**DATA RECORDS**
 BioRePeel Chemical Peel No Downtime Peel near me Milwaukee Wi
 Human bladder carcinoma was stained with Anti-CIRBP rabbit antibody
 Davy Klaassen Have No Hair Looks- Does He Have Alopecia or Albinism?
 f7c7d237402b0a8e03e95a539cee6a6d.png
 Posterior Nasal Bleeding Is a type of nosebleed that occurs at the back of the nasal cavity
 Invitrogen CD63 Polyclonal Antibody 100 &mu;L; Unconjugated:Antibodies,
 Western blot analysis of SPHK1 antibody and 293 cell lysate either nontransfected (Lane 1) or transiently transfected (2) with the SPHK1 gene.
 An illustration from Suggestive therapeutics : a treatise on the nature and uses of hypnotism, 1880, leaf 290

...

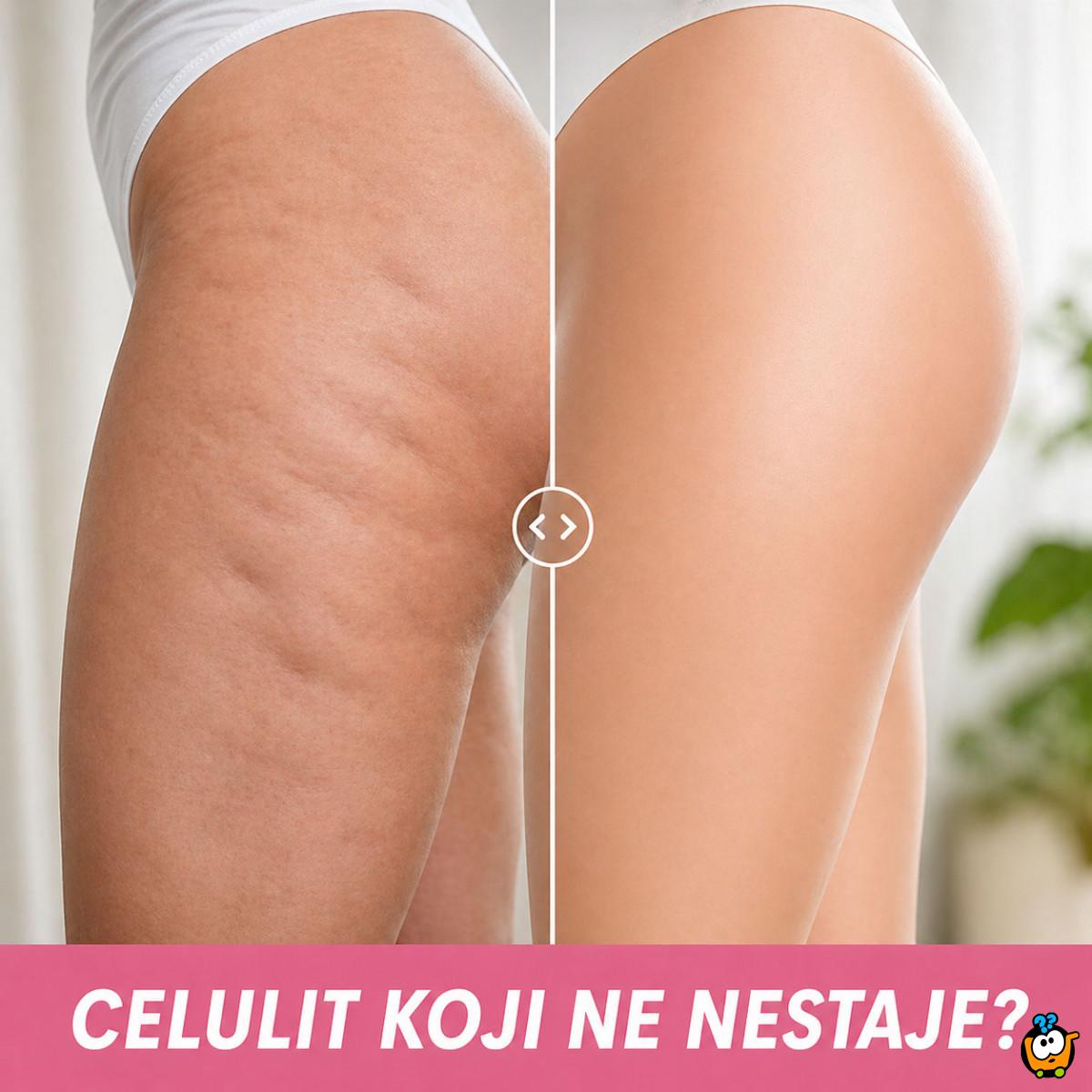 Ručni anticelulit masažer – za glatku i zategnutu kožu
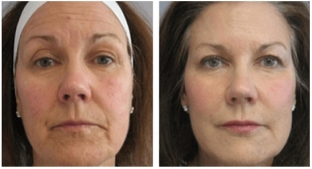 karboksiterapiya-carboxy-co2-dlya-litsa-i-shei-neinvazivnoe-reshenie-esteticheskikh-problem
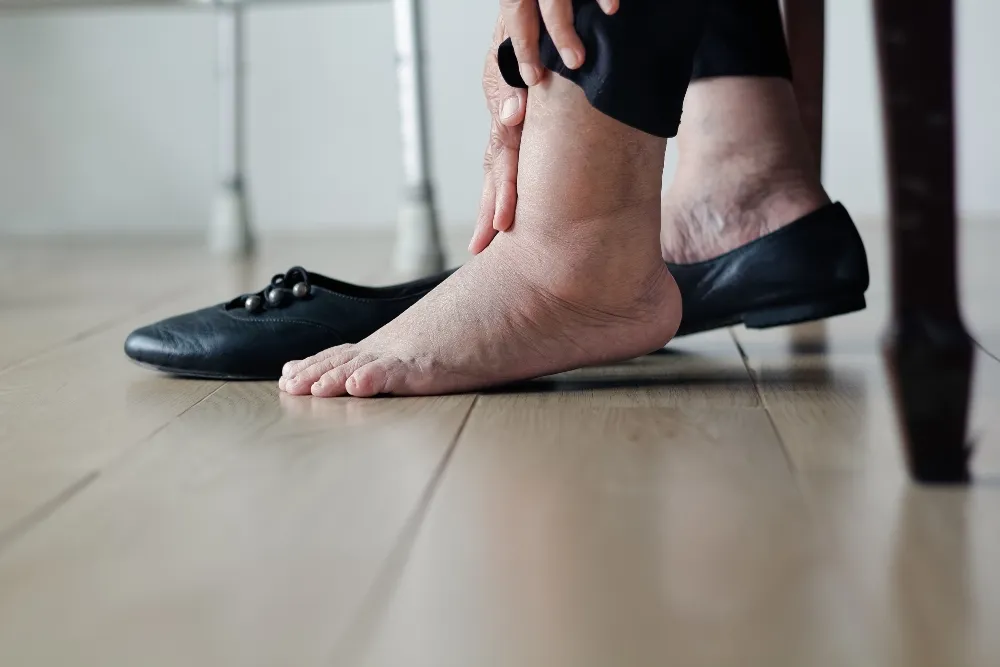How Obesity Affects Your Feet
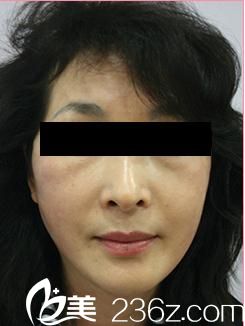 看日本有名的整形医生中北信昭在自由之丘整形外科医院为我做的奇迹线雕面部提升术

**TRY IT**
Please copy every line in the entries where "with" appears.

**SOLUTION**
 Human bladder carcinoma was stained with Anti-CIRBP rabbit antibody
 Western blot analysis of SPHK1 antibody and 293 cell lysate either nontransfected (Lane 1) or transiently transfected (2) with the SPHK1 gene.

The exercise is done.